The cartoonish demonization of our Enemy is accomplished by mindlessly screaming inflammatory, manipulated labels at them –“Terrorists!” — designed to rob them of their Humanness, obliterate nuances among them, and convert them into some incomprehensible Other.  That’s how we justify to ourselves what we do to them.

The insistence that this comparison between Us and Them is inherently invalid and even “obscene” lies at the heart of so much mischief — it’s the linchpin of exceptionalism and jingoism — and it’s very disappointing to see this claim being so casually invoked in reaction to this book.  The nature of tribalism is that one always thinks their side is better and the other side worse, and that comparisons between the two sides (or even equal application of standards to each) is deeply unfair and offensive (“moral relativism”).  Tribalism is a powerful human drive, which is why even those who are aware of its intoxicating effects and even consciously try to avoid it — all of us — nonetheless sometimes succumb to its temptations.”

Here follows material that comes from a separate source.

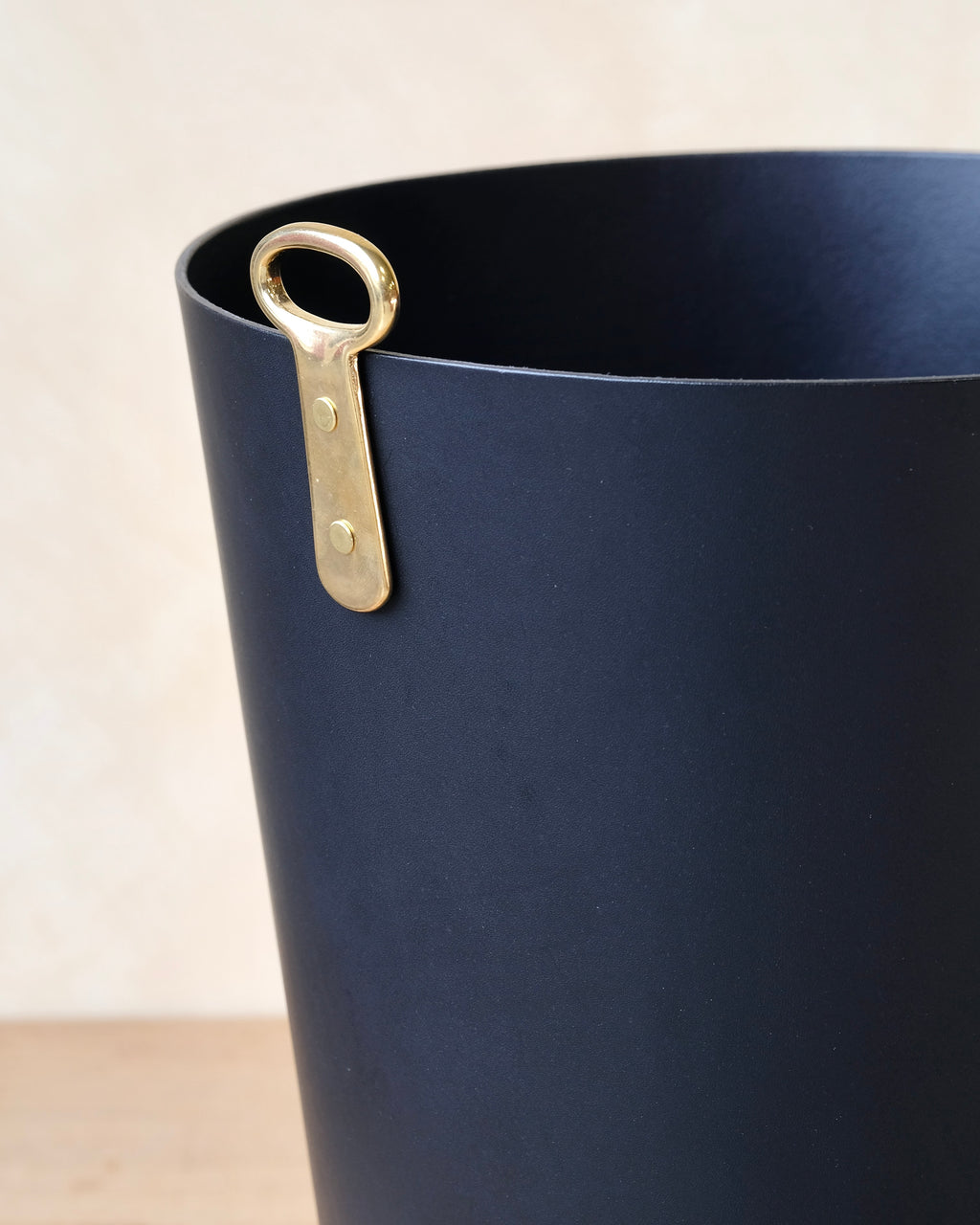 EYELET - Leather Wastepaper Bin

4.  “This Country Just Can’t Deal with Reality Any More

The Right’s media power has enabled the Republicans to portray Obama as some un-American “other,” while the GOP has little fear that its spreading of racist-tinged conspiracy theories will hurt the party’s election chances.

The latest example is Dinesh D’Souza’s bizarre theorizing about Obama’s channeling his late father’s opposition to British colonialism in Kenya, a reincarnated dream which somehow has morphed into Obama’s “socialist” agenda which is “alien” to American values.

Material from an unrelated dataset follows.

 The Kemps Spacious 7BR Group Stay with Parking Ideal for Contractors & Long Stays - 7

Instead of roundly condemning D’Souza for this strange and racist article, Gingrich – one of the supposed intellectuals of the Republican Party – went out of his way to praise the nonsense as “profound.”

As former Bush-43 speechwriter David Frum noted in a blog post, “With the Forbes story and now the Gingrich endorsement, the argument that Obama is an infiltrating alien, a deceiving foreigner – and not just any kind of alien, but specifically a Third World alien – has been absorbed almost to the very core of the Republican platform for November 2010.”

Despite some internal GOP critics like Frum, the Republican Party clearly feels that it has a winning formula, using such psychological warfare to exploit a confused and embittered electorate. That confidence will be tested on Nov. 2, although if most prognosticators are correct, the Republicans have good reason to feel confident.”